Solitude des médias
Les sondages ne laissaient guère d’espoir; le scrutin de ce dimanche a confirmé ces tendances. Les Suissesses et les Suisses ont refusé la Loi sur l’aide aux médias avec un score sans ambiguïté: 54,6% de non.
Plusieurs raisons peuvent expliquer cet échec. Tout d’abord, la machine de guerre de l’UDC a une nouvelle fois montré sa redoutable efficacité. Pas question de verser de l’argent aux gros éditeurs, a claironné la formation d’extrême droite. Et tant pis si c’était une fake news, le gros des 150 millions devant aller aux petits éditeurs.
Mais l’abus de vérités alternatives n’est sans doute pas la seule raison. La profession porte aussi une part de responsabilité. Jusqu’à récemment, elle s’est inscrite en faux contre l’idée d’une aide directe aux médias. Ce n’est que depuis quelques années, sous les coups de boutoir des géants d’internet qui siphonnent la publicité et le contenu des journaux, que la croyance aveugle aux bienfaits des lois du marché a cédé la place à une vision moins dogmatique. Trop tard sans doute, il aurait fallu davantage de temps pour inverser le discours tenu pendant des décennies.

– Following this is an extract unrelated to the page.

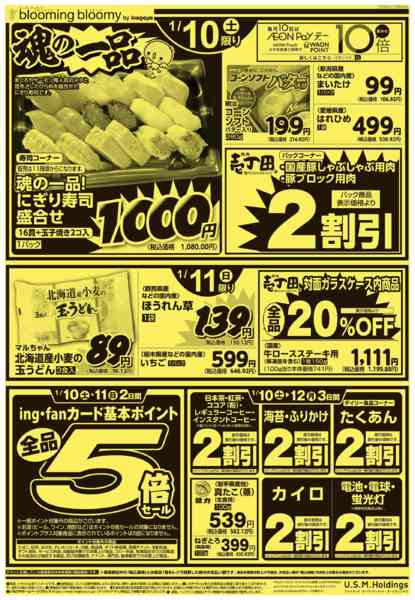 2026年1月10〜13日までnew-1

Troisième obstacle, très conjoncturel celui-là: la méfiance à l’égard des médias. La crise du Covid et l’effondrement politique au niveau des valeurs et des idées qu’elle a entraîné n’a pas aidé. Le discours des opposant·es aux vaccins et aux mesures sanitaires a pris des proportions inédites et parfois surréalistes. Pas seulement en Suisse, évidemment, le blocage d’Ottawa est là pour le rappeler.
Et maintenant, que faire? Il faudra sans doute revenir à la charge. Prenons au pied de la lettre les reproches de l’UDC et proposons un nouveau projet uniquement pour les petits journaux. Chiche? Ne nous y trompons pas, les tartuffes de l’extrême droite préparent bien au contraire deux initiatives pour exploser le service public, la SSR. Ils ont échoué avec No Billag; la victoire de ce week-end leur donnera des ailes. Autre piste possible: une action un peu résolue pour instaurer la fameuse Google Tax.
Et la balle est aussi dans le camp des cantons – notamment romands, où le soutien aux médias l’a emporté, le vote est aussi marqué par le fameux roestigraben – pour imaginer des pistes garantissant un minimum de diversité médiatique. Il faut espérer un électrochoc après la déroute de ce week-end.